Requirement. Keep the pictures out, and restate the listing that follows exactly as written.

----- Extracted data -----

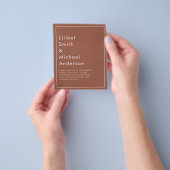 BUDGET Donkere Terracotta Monochroom Trouwen Flyer (Hand)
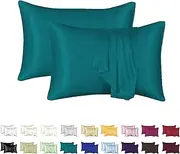 Luxurious Silky Satin Pillowcase for Hair and Skin - Set of 2 - Vegan Friendly - Standard Size - Silk Satin - Super Soft and Smooth, Cooling - Vegan (Teal)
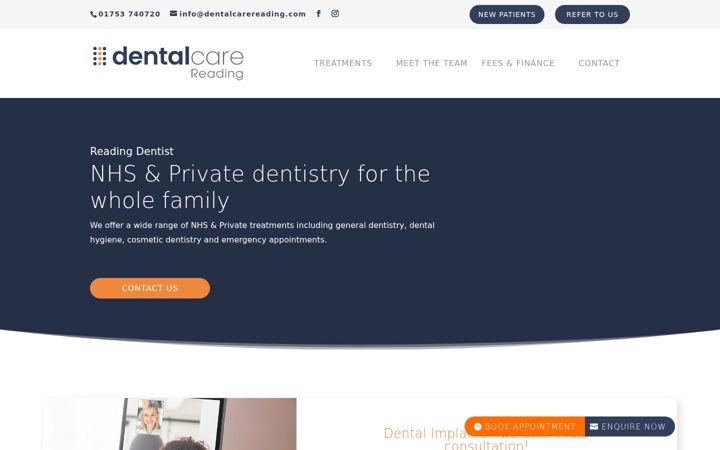 Screenshot of dentalcarereading.com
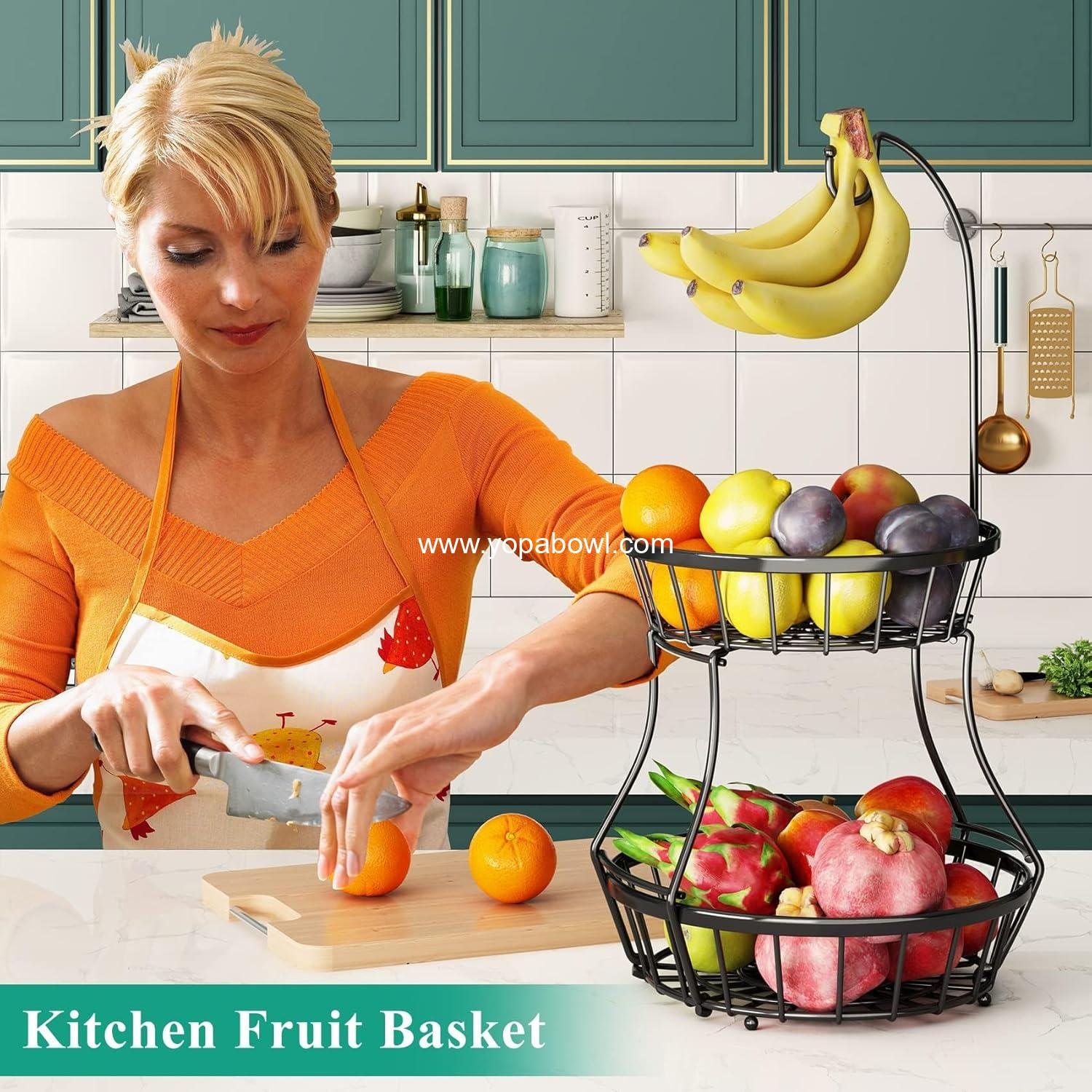 Wholesale 2-Tier Stackable Fruit Basket Bowl with Banana Tree Hanger for Kitchen Countertop, Metal Wire Storage for Bread, Onions, and Potatoes - Factory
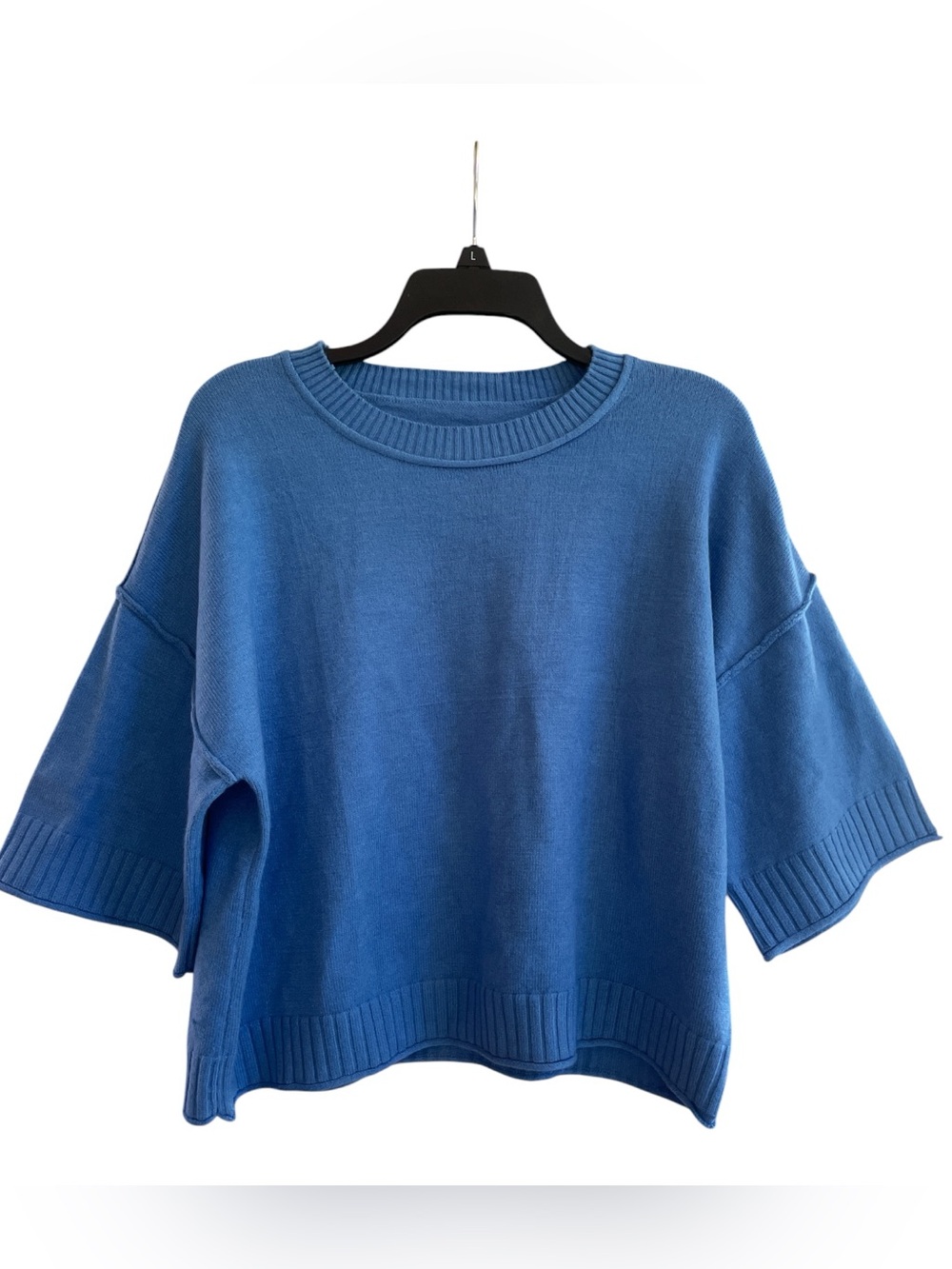 Blue Boxy Knit Sweater Cropped Drop Shoulder Crewneck Pullover Cozy S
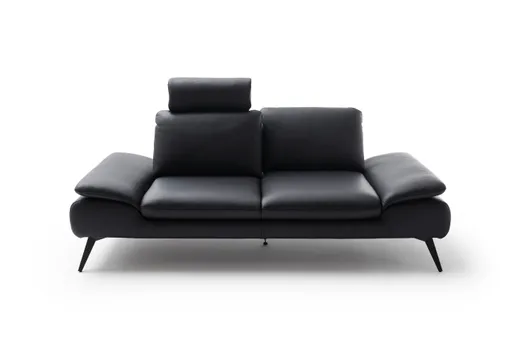 Sofa Collina - 2,5-Sitzer, Leder, Schwarz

-----

Output.
 BUDGET Donkere Terracotta Monochroom Trouwen Flyer (Hand)
 Luxurious Silky Satin Pillowcase for Hair and Skin - Set of 2 - Vegan Friendly - Standard Size - Silk Satin - Super Soft and Smooth, Cooling - Vegan (Teal)
 Screenshot of dentalcarereading.com
 Wholesale 2-Tier Stackable Fruit Basket Bowl with Banana Tree Hanger for Kitchen Countertop, Metal Wire Storage for Bread, Onions, and Potatoes - Factory
 Blue Boxy Knit Sweater Cropped Drop Shoulder Crewneck Pullover Cozy S
 Sofa Collina - 2,5-Sitzer, Leder, Schwarz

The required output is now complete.